You might have all the skills required for your dream job, however there could be one thing getting in your way to acquiring it – your CV. Follow our guide to nailing your next application.
Each CV must be unique to the job candidate, the industry, and the office environment. No two jobs are exactly alike, as such no two applications should the same either. Follow our step by step plan on to how to write the perfect CV and you could be on your way to dream job status…
Complete The Basics
While no two applications should be the same, there are certain common sections you should cover: personal and contact information; education and qualifications; work history and/or experience; relevant skills to the job in question; own interests, achievements or hobbies; and references (someone who you have worked for or a tutor).

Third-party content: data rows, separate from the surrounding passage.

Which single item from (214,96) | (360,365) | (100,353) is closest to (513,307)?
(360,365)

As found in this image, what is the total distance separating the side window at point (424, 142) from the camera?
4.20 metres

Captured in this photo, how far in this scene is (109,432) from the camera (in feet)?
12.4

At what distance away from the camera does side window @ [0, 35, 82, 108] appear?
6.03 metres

Adapt your CV for every job you apply for. You don’t have to re-write the whole thing, just edit the details so they’re relevant.
Add Your Social
Being active on social platforms is seen as a positive – you are up-to-date on trends. If you have a Twitter, Instagram or LinkedIn account add that to your CV along with your relevant handles. Most recruiters now Google search potential staff so ensure your social content is up to date (someone who posts once a month might seem behind compared to their more active competitors). However, ensure the content is clean and respectful. Images of you on a hedonistic night out won’t be considered desirable.
Presentation Is Key
This is not a kindergarten project so don’t try experimenting with the presentation. Keep it simple and clear. Stick to one font and one colour and print it out on crisp, white paper. If posting your CV, send it in an A4 envelope as to avoid it creasing.

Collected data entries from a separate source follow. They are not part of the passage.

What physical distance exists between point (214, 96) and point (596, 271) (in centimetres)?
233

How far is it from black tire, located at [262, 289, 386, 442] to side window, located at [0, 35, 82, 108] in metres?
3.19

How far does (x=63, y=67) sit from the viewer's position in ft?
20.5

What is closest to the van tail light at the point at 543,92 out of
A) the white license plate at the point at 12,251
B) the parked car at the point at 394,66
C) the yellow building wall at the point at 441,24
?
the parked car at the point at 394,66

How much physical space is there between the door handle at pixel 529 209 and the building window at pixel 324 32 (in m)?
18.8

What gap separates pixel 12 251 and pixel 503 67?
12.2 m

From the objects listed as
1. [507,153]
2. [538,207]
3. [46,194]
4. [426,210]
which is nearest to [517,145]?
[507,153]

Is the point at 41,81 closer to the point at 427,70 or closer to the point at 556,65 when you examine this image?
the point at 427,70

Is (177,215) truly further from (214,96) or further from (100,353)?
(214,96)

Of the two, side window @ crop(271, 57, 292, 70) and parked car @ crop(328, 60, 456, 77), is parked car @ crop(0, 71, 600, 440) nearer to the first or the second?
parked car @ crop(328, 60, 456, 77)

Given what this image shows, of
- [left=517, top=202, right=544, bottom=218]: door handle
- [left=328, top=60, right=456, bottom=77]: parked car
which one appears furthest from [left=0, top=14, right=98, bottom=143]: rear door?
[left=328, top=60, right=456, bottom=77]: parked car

Even if you do have reams of experience summarise your skills. Remember your CV is not a biography and the recruiter doesn’t have time to shift through all your stories. The CV in total should not be more than two pages (single-sided). Keep the key points on the first page in the upper middle area – this is where the recruiter’s eye will naturally fall.
Don’t Mind The Gaps
Due to the faltering economy, a gap in your CV, where perhaps you freelanced or took on short-term employment, no longer raises eyebrows. You can always explain the necessary gaps (with a positive spin) in your covering letter.
Don’t Forget Your Cover
You’ll be surprised by the number of people who forget to send a cover letter along with their CV. The cover letter is a chance to more fully explain your employment history as well as highlight the relevant skills you possess that are required for the job.
Use Key Words
When applying for jobs electronically chances are the CV will be shifted first through a computer system, as opposed to a human, which means using key words and corporate speech will help. If you’re struggling to work out which key words are relevant simply go through the job application and read the details from start to finish, making bullet points of the skills asked for. Then work out out how your own experience can be transferable to fit the role.
Use assertive and positive language when describing your experience. Use words like “developed”, “organised” or “achieved”.
If you do you have interests outside of work list them. Raised Dhs10,000 of a charity trek? Add it. Part of a dragon boat race team? Add it. Your hobbies section, while not vital to the job, allows the recruiter to understand your personality. As such it can help set you apart you from a close competition.